Research
Recently, progress has been made in developing new and effective personalized molecular therapies with minimal side effects that are useful in some tumors. Recent advances by MD Anderson sarcoma physicians include:
Gastrointestinal stromal tumors (GIST). Some of these tumors, a specific sarcoma subtype, can now be effectively treated with imatinib (Gleevec). Prior to imatinib, there was no effective systemic treatment for this disease. Physicians in the Sarcoma Center were instrumental in the GIST success story, which gives us hope that these approaches can be extended to other types of sarcoma. For an example of how this research has benefited patients, read Richard Lobo's story.
Biomarkers. Research published in 2007 in the Proceedings of the National Academy of Sciences identified a technique to distinguish between genetic biomarkers for leiomyosarcoma (LMS) tumors and gastrointestinal stromal tumors (GIST) with near-perfect accuracy, making rapid treatment decisions and treatment response predictions possible.
Chemotherapy effectiveness. When patients do not respond to chemotherapy, often it is because a mutated DNA repair protein (Rad51) is at abnormally high levels. Preclinical studies are currently evaluating methods to decrease Rad51 levels in sarcomas.

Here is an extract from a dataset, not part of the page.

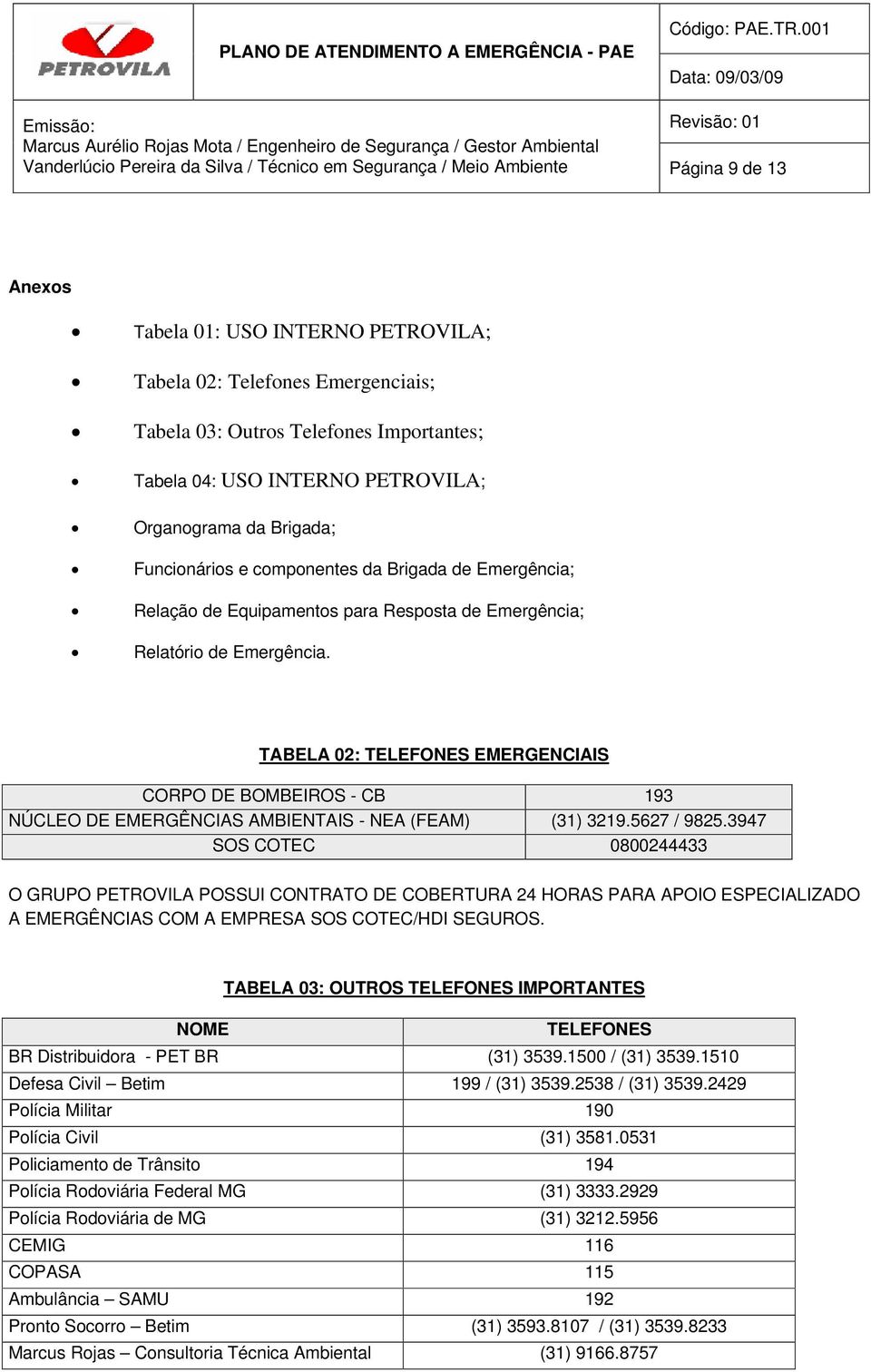 TABELA 02: TELEFONES EMERGENCIAIS CORPO DE BOMBEIROS - CB 193 NÚCLEO DE EMERGÊNCIAS AMBIENTAIS - NEA (FEAM) (31) 3219.5627 / 9825.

The p53 growth-regulating gene. When the p53 gene is altered through mutation, degradative proteins known as matrix metalloproteinases (MMPs) are no longer suppressed and provide a molecular means for tumor cells to penetrate blood vessels and spread. In preclinical studies, introduction of normal p53 into sarcoma tumors with the mutated p53 gene causes marked reduction of MMP production and a corresponding decrease in tumor spread.
Anti-angiogenesis. One way to restrict tumor growth and metastasis is to disrupt the tumor’s ability to make and recruit blood supplies (angiogenesis). For human leiomyosarcoma and synovial sarcoma, researchers have shown that the same p53 gene therapy will suppress angiogenesis and thus reduce tumor growth.
Adaptation of isolated limb perfusion. Researchers are testing a proven delivery system to administer new molecular therapies. Isolated limb perfusion is currently used to place high doses of chemotherapy precisely at a tumor site in an arm or leg. Blood flow is temporarily interrupted using a pump recirculator, much like a cardiac bypass machine, allowing direct treatment delivery.